The Rugby World Cup 2027 draw is locked in for Wednesday, 3rd December, and the excitement is already building. Twenty-four nations will contest the biggest tournament in rugby union history, hosted across Australia, with the opening match kicking off at Optus Stadium in Perth on 1st October 2027. This is a new era — and the format has been completely overhauled to match the ambition.
Rugby World Cup 2027 Draw: A Brand New Format Explained
Gone are the days of five pools of four. World Rugby has expanded the tournament from 20 to 24 teams, restructuring into six pools of four sides each. The top two from every pool advance automatically to a Round of 16 — a competition phase making its debut at a men’s Rugby World Cup. Furthermore, the four best third-placed teams also progress, with competition points as the primary separator and points difference and try difference as tiebreakers if needed.
Crucially, despite adding four extra nations and a whole new knockout round, players will not face any additional matches. The pool stage drops from five teams to four, cutting one pool game per side and eliminating bye rounds. That single pool match is effectively swapped for a knockout fixture instead. The overall game count rises from 48 at the 2023 edition to 52, while the tournament itself actually shrinks — from 50 days in France to just 43 in Australia. A minimum of five rest days between matches remains in place throughout.

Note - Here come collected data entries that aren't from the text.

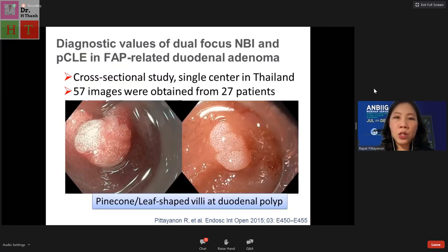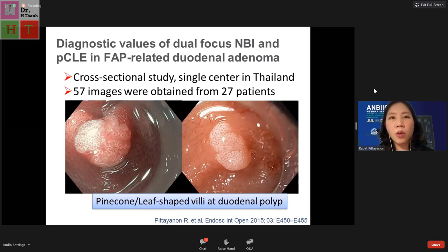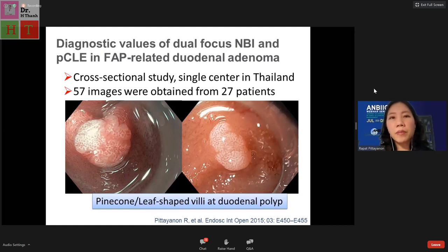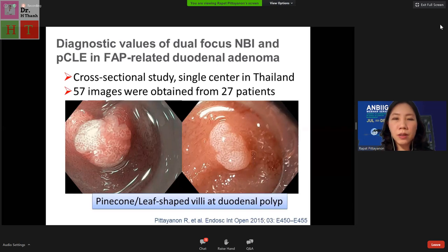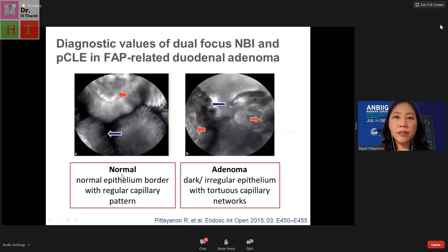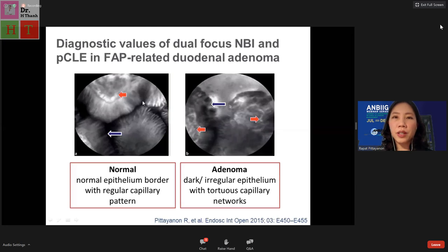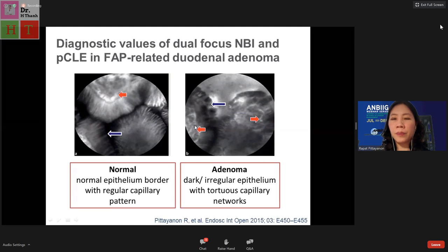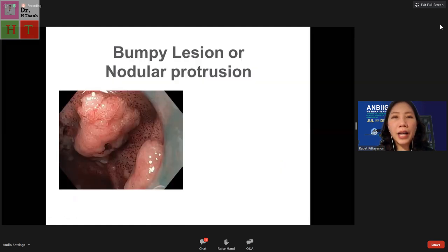Our team in Thailand studied dual-focus NBI and confocal laser endomicroscopy (pCLE) in FAP patients for surveillance of duodenal adenoma. In this cross-sectional study of 27 patients with around 60 images, we found that a pine cone or leaf-shaped rely at duodenal polyps can represent duodenal adenoma. For confocal findings, normal epithelium shows regular capillary patterns, while adenoma appears as darker irregular epithelium with tortuous capillary networks.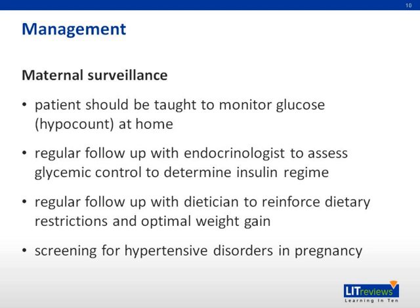Maternal surveillance: the patient should be taught how to monitor her own hypocount at home and what measures to take when the hypocount is too high or too low. Regular follow-ups should be scheduled with the endocrinologist to assess adequacy of glycemic control and determine the necessity of insulin titration. The dietician plays an important role in reinforcing dietary restrictions while achieving optimal weight gain. As patients with gestational diabetes mellitus often have some form of hypertensive disorder in pregnancy, they should be screened at every opportunity.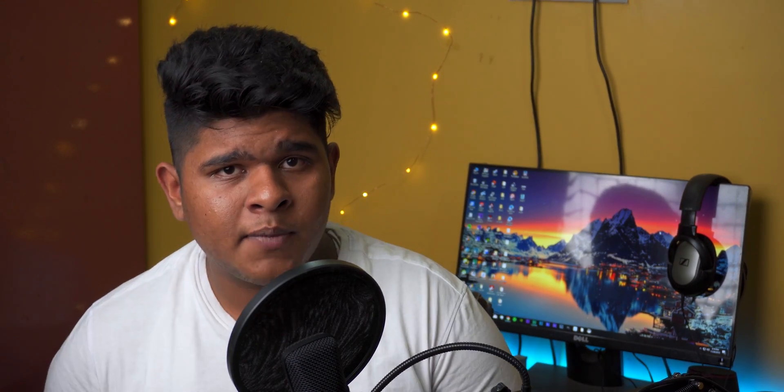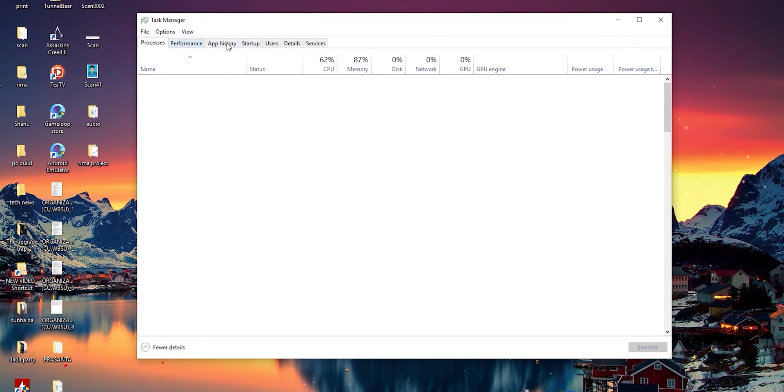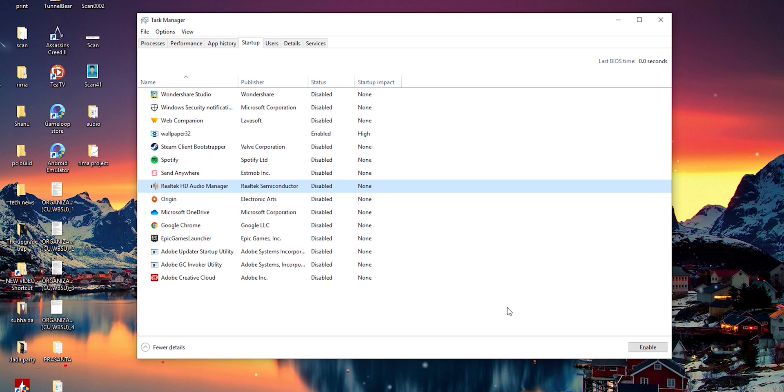Now let's talk about another thing: all these applications are startup applications. So when you boot your computer, they also launch and start running in the background. And not only BlueStacks — Chrome, uTorrent, a lot of antivirus apps, and a bunch of other applications are startup applications. When you boot your computer, they also launch, run in the background, and start eating your resources. That is the reason it can make your PC slower. So what you need to do: go to Task Manager, go to the Startup tab, find the application you want to disable the startup option for, and disable it — as simple as that. I think I've shown you on the screen how to do it.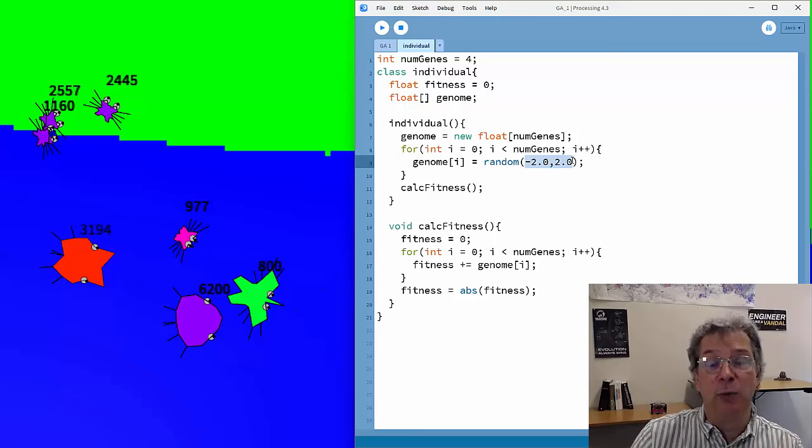Next I want to display my individuals. In this case they're just a set of numbers, so I'll print the fitness and then print each gene value so we can see the process of evolution. I'll pass the display function the XY location where the individual should be displayed. That will display the fitness, and then I'll also display the genomic values — each gene value printed below the one before it.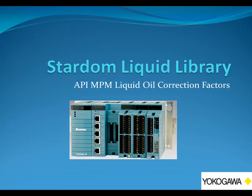Hi, I'm Gene Chen, Yokogawa Stardom Product Manager. Thanks for joining me today to review the Stardom Liquid Library. In this session, we're going to review the metric base function blocks that's based on the API-MPM liquid oil correction factors.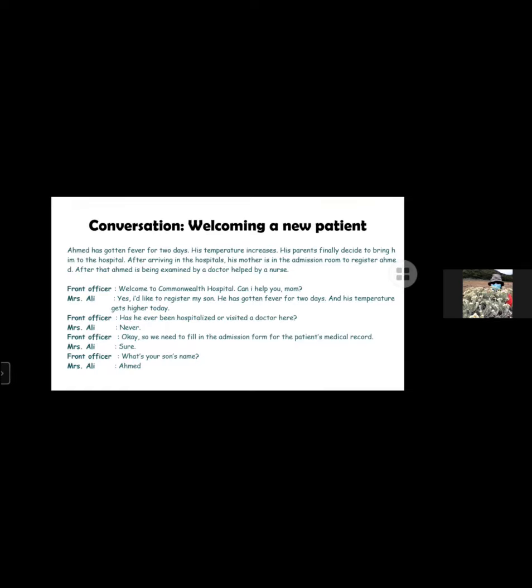Conversation welcoming new patients. Ahmed has gotten fevered for today. His temperature increased. His parents finally decided to bring him to the hospital. After arriving at the hospital, his mother is in the admission room to register Ahmed. After that, Ahmed is being examined by a doctor helped by a nurse.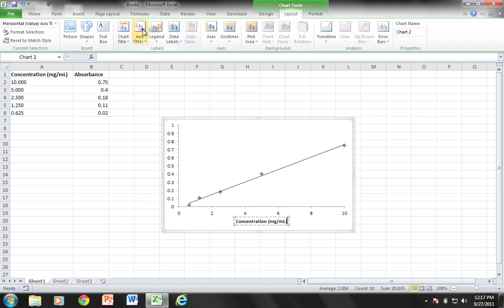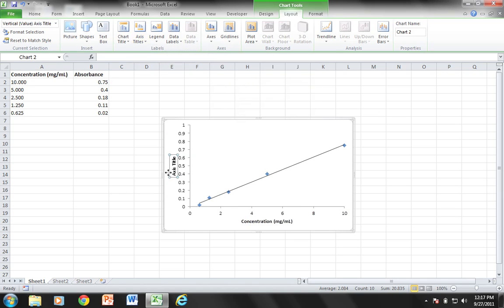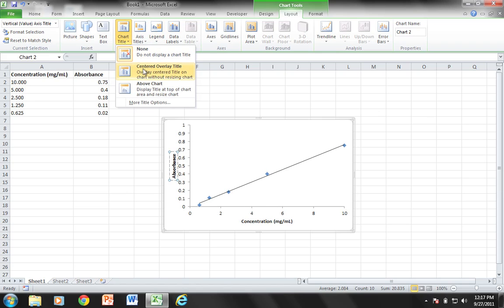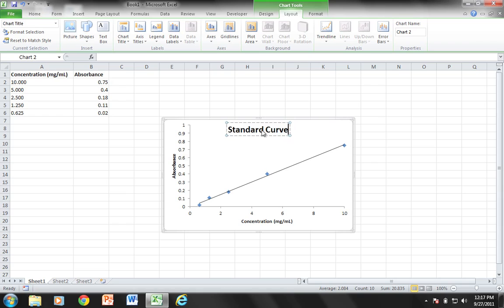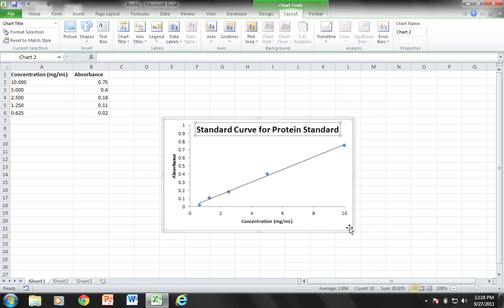I'm also going to add an axis title for the vertical rotated title, and this is going to be absorbance. And then of course a chart title, centered overlay title. I'm going to say standard curve for protein standard. I'll move it over here just a little bit and I can enlarge my graph if I need to.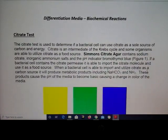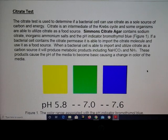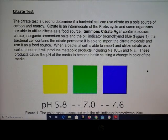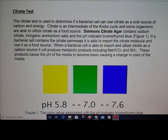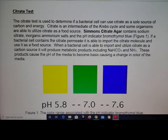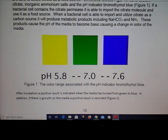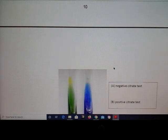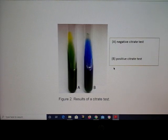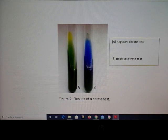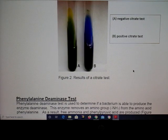The citrate test is used to determine whether or not citrate can be utilized as a carbon source. If it can, the bacteria produce citrate permease, which imports citrate into the cell. When you streak out a slant with your bacteria, if citrate is imported in, you shift the color from green to blue. Blue is your positive reaction.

Pool Breakdown and Round of 16 Structure
The cross-pool knockout pairings are where things get genuinely interesting. Pool A and B winners face third-placed qualifiers, as do the winners of Pools C and D. Meanwhile, the Pool E and F winners meet the runners-up from Pools D and B respectively. The runners-up from Pools A and C then take on those from Pools E and F. It sounds complex, but the bracket balances out — a Pool A winner might face a third-placed side first, yet could still run into the Pool B winner in the quarter-finals.
As for the pools themselves, here is how the 24 nations line up:
Pool A: New Zealand, Australia, Chile, Hong Kong China
Pool B: South Africa, Italy, Georgia, Romania
Pool C: Argentina, Fiji, Spain, Canada
Pool D: Ireland, Scotland, Uruguay, Portugal
Pool E: France, Japan, USA, Samoa
Pool F: England, Wales, Tonga, Zimbabwe
England and Wales land together in Pool F — that alone should have supporters gripped from the off. Meanwhile, New Zealand face the hosts Australia in what could be an early blockbuster. If you want more on that fixture, we’ve already covered the All Blacks versus Wallabies clash at the 82,000-capacity Accor Stadium.
Matches will spread across seven venues — Sydney, Adelaide, Perth, Brisbane, Melbourne, Newcastle and Townsville — cementing this as the most expansive Rugby World Cup ever staged. Australia, the world’s largest island nation, is ready to deliver something truly historic.